» DATA
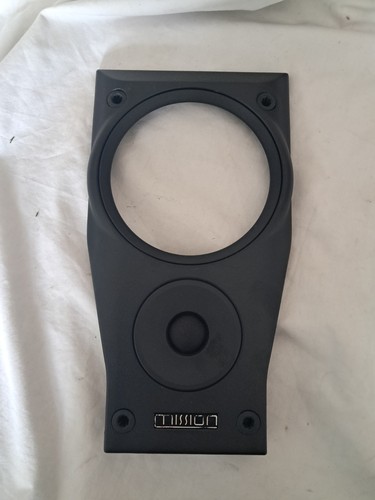 Mission 782 tweeter with - tweeter,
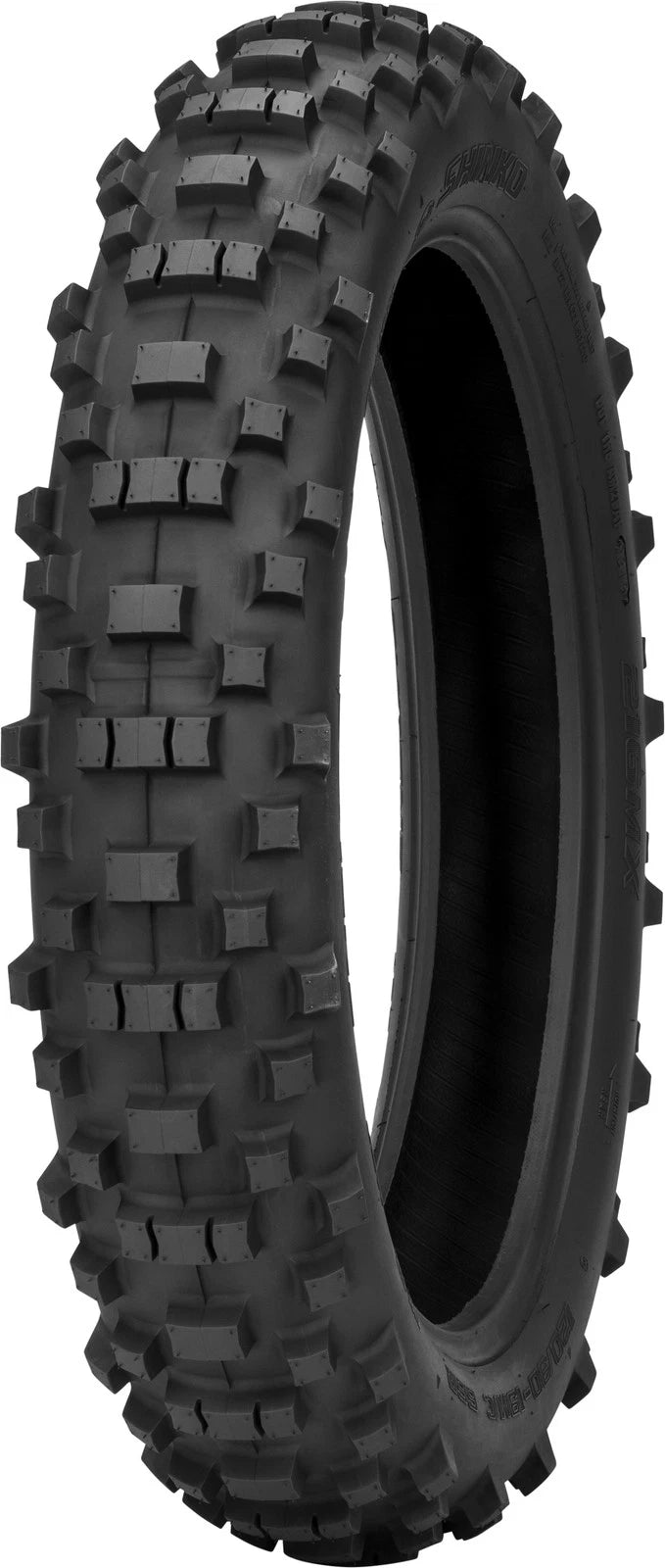 Shinko 216MX Series Rear Tire 110/100-18 64R for Motorcycle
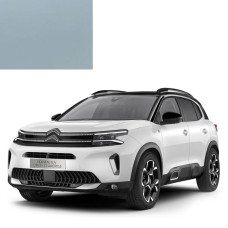 Краска по коду акриловая синяя KGX BLEU BOTTICELLI для автомобилей Citroen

» PROBLEM DESCRIPTION
Set down word for word, from the line that contains "Shinko 216MX Series" to the end of the listing above, every line and no picture.

» REPLY
 Shinko 216MX Series Rear Tire 110/100-18 64R for Motorcycle
 Краска по коду акриловая синяя KGX BLEU BOTTICELLI для автомобилей Citroen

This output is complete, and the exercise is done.